Wednesday, 11 July 2018

Care Partner Wednesday--What Does "Keep Comfortable" Mean?

This is it.

From the time you became a care partner, you knew this day would come. You thought about it logically, had difficult conversations, and made impossible decisions leading up to it. You knew it was coming. You saw the signs. But your heart refused to see what your head knew.

Until today. Today, the doctor declared your elder end-of-life and said that they would keep him comfortable.

What does end-of-life mean, and what do they mean by comfortable?

End-of-life refers to the time before a person's death when it is evident their body is shutting down, and death is imminent. It's different from palliative care, which refers to a person who cannot be cured and is supported by the best quality of life possible until they are end-of-life.

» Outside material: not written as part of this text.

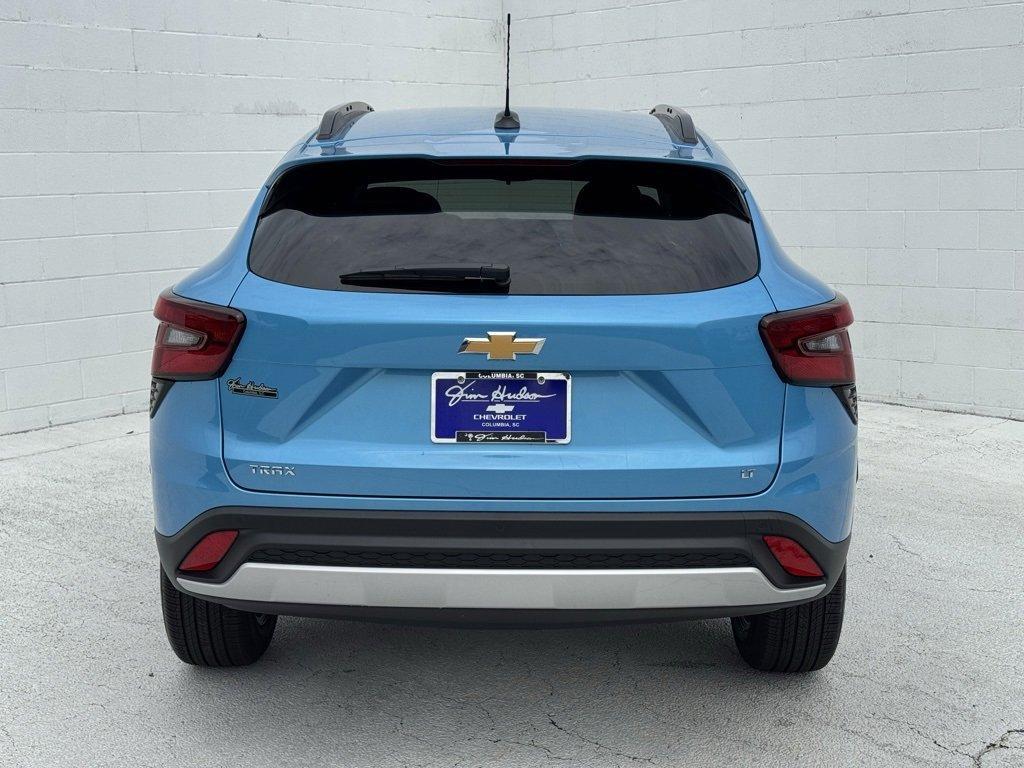 new 2025 Chevrolet Trax car, priced at $25,975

What is "keeping comfortable"?

  • All unnecessary medications are stopped. Vitamin D, blood pressure and even heart medications are discontinued.
  • All regular treatments such as blood work and blood pressure are ended.
  • Special care is taken to ensure the skin doesn't break down because this is painful. The person is repositioned every two hours and a mattress may be ordered which is specially designed to redistribute body position when the elder can't. 
  • Impeccable care is taken to ensure the person is clean and dry because this also protects the skin.
  • Mouth care is done with soft toothbrushes and a special solution which keeps the mouth fresh and inhibits bacteria. Vaseline is put on the lips and creams on the skin.
  • Staff watch closely for any sign of pain. The dying person may not be able to express what they are feeling, but restlessness, grimacing and moaning may indicate pain. 
  • Often, a port is inserted so that pain medication can be given without constantly needing to inject. 
What can you do?
So many things. Here are just a few:
  • Talk. The hearing is the last sense to go, and this is your last chance to speak those words of love to them.
  • Mouth care. Ask the nurses how to do it. It's simple and can make your elder feel so much better.
  • Rub lotion on hands and feet.
  • Sing. Hymns or popular songs you know they love. You never know what might get a response. Even if it doesn't, they may have heard, and it can only bring pleasure.
  • Read scripture, especially familiar verses that bring comfort.
  • Be there. That's all that's needed, really. 

Families ask, "How long?" No one knows. Sometimes it's just hours, sometimes a day or a week. There are many factors affecting how long a person takes to die. There may be times when you struggle with exhaustion, and you wonder if you can last another day. Remember, you won't have this time again. Today, this day, or few days or this week, are the end of a long journey you have walked together.


 Care Partner Wednesday---What Does "Keep Comfortable" Mean?